Monday, August 27, 2018

The Severed Vine

It doesn't know it's dead.

On the eastern and northeastern walls of our little suburban rambler, the English ivy has clambered and grown over the decades.  It's an invasive, and it ain't great for the house, which I well know and have chosen to ignore.  Being of mongrel-British stock, there's a significant part of me that rather likes the look, particularly on the eastern frontage, where the windows framed about with green give our home a hobbit-hole pleasantness.
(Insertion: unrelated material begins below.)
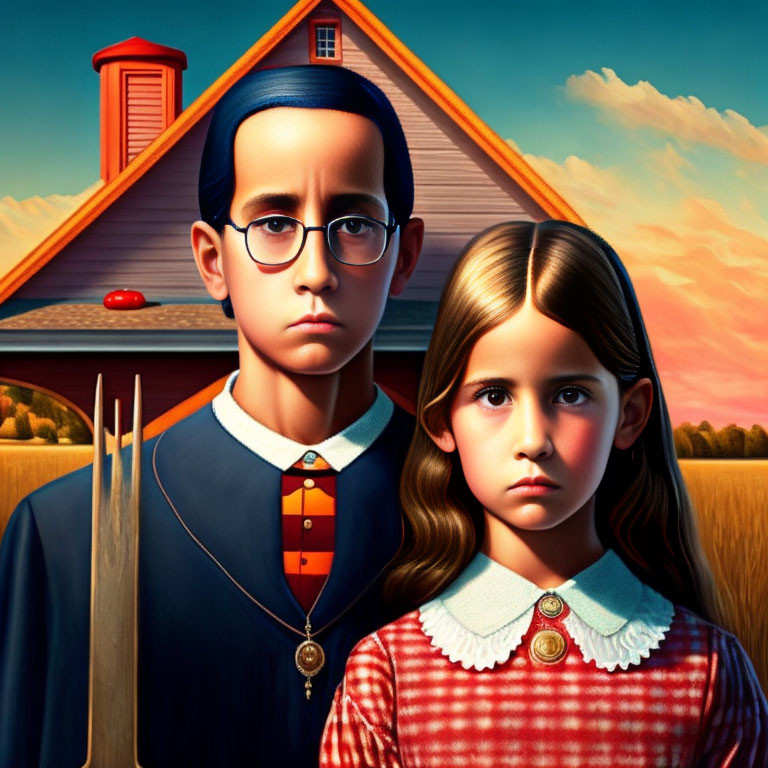 Surreal painting of two children by a farmhouse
But on the northeastern side, it's gotten too much.  It's dense and thickening and too high to trim.  It glowers over the windows of our bedroom, thick as the the fleshy folds over John Merrick's eyes, presenting not as homey but as neglect and ruin.  This fall, it's time for it to go.  It'll be a multi-day affair, as tendrils and creeper-roots are carefully excised from a ladder's vantage.

Wood will be repainted, and brick restored.  It'll be a lovely project.

In preparation for that, I severed the vines from their roots all along the base of the wall, which is the recommended preparation for such a task.  The vines will die, and dry, and their grasp on the wall and painted surfaces will be weakened.

That was the idea, two weeks ago, when I systematically sheared vine from root.

I gave it a day or six, then went to check.  There was no wilting.  No browning.  If anything, the upper reaches of the vines were still growing, snaking further out and up.

There is so much life in it, so much coursing sap, that though it no longer has root in the earth, it's completely oblivious to the fact that it is already dead.  It draws no meaningful nourishment from the brick from which it will be wrenched.

Yet still it stubbornly courses on, draining the life from withering, dying, disconnected stumps.